Sunday, June 2, 2013

Product Management: Launching a new product? First go get some customers

"We don't make it until you order it."
                       - Jack in the Box

Jack in the Box used to feature this slogan on their TV commercials.  It was meant to tell customers that their food is made fresh every day.  Software industry is not going to win any customer by making things fresh.  But there is a good reason why just-in-time manufacturing makes sense for software.  It is to avoid building something that no one wants.

It is easy to fall into the trap of thinking that we know what customers really want.  In most cases customers themselves don't know what they want.  They have a vague idea of what their problem is.  Sometimes the problem itself is not known to them.  Yet we software makers think that we know exactly what customers are looking for and will love our product that we are building.

Truth is that no one exactly knows what will work well in a real situation.  We all have guesses as to what could work, but our guesses are often too far off to be useful in its first iteration.  There are a number of odds stacked against any new product.

It will be the brand-new product, so it will be buggy and unstable compared to other existing solutions.  It has limited features so the way it can be used will have fairly narrow applications.  To top them off, it may not even solve the problem that is worth solving from customer's standpoint.  It may be solving a nice-to-have problem that users are not interested in paying for.

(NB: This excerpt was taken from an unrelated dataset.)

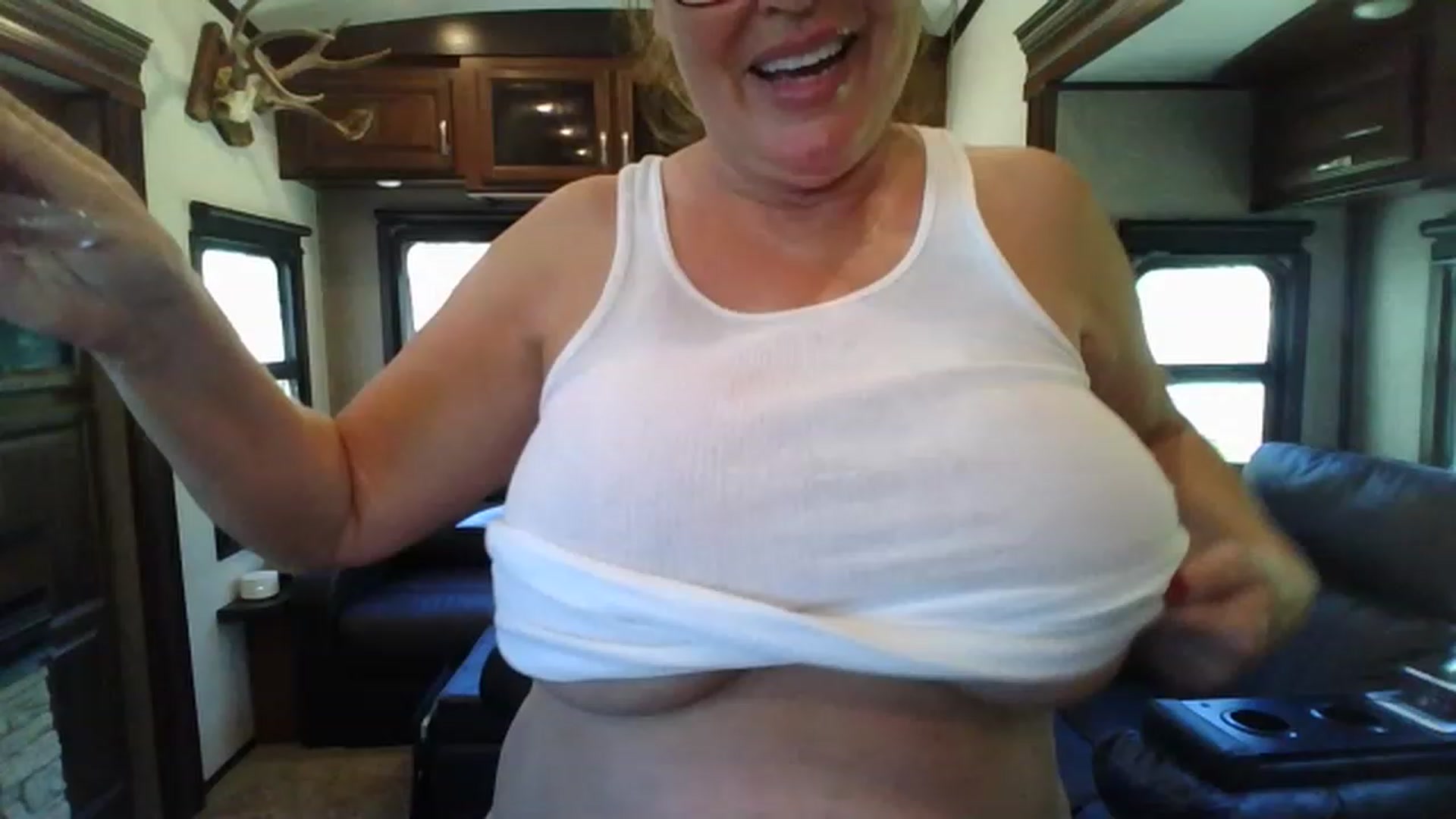Gallery image thumbnail from boringmom's myfreecams stream on, 04/20/2023, 18:42 image 1 of 20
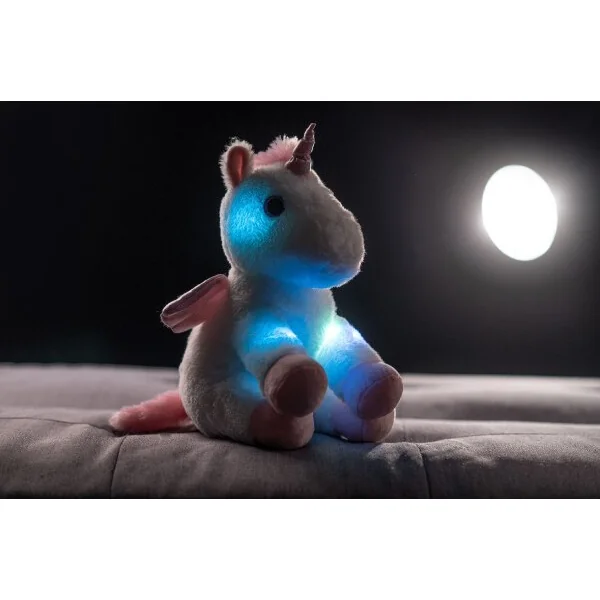 Licorne rêveuse avec ailes en peluche 38cm à piles avec lumière et son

It is easy to make this mistake.  I have made this mistake a few times myself, and this is one of the most wasteful ways to spend precious company resources.  Creating a wrong product does not end there.  It creates a ripple effect to marketing, sales and sales engineering in order to see if there is any customer out there.  It sets up for fail-slow situation, something that you want to avoid as any entrepreneur.

So instead we should first find a few customers before we jump into building it.  When you have an idea of what you would like to build, first go talk to customers about it.  Don't feel bad that you don't have a solution that you are ready to hand over to customers.  Instead feel victorious when you identify a product idea that they are willing to spend their hard-earned cash.  By talking to customers first and selling on the product before building does a few things to your product:


1. Your market is never non-existent.

Guess what.  You already know who you are building your product for.  Unless you screw it up so badly that they won't use it, you will have a market of a few customers who are willing to try your product.  By selling first, you know who you should sell to, and get to find out solving what problem will likely get the return call from your prospects.

2. Customers can help you define how the product functions.

Having potential customers is different from having avid fans.  Software market (and other markets for that matter) is littered with products that are not solving the problem that user has in an elegant way.  They may get sold to several customers, but they quickly become a shelfware.  Having customers involved in the product design phase minimizes your chance of creating a flop.

3. You get a much needed initial customer quote for you to get the next customer.

The first thing that any good marketer will do when putting together a product launch is to look for a customer quote.  It is so much easier to get that quote if you had identified a customer who can use a solution that you just put together.  Getting the customer quote takes a long time and often marketing team has to settle for getting a watered-down quote that talks about the importance of solving the problem, not about the product.  When you ace your product development, early adopters will let you know by saying yes to those customer quotes.


Selling is a process of figuring out how to best help a customer.  If there isn't anything that you can do to help customer get better at what they are doing, then there is no reason for you to be talking to the customer.  When that happens, gracefully walk away and go knock on another door.

If you think you can build a successful product without doing this homework, then you are either a next Steve Jobs or someone who has time and money to learn the lessons the hard.

Learn from the one who learned it the hard way.  Get a few customers first before building your shiny new product.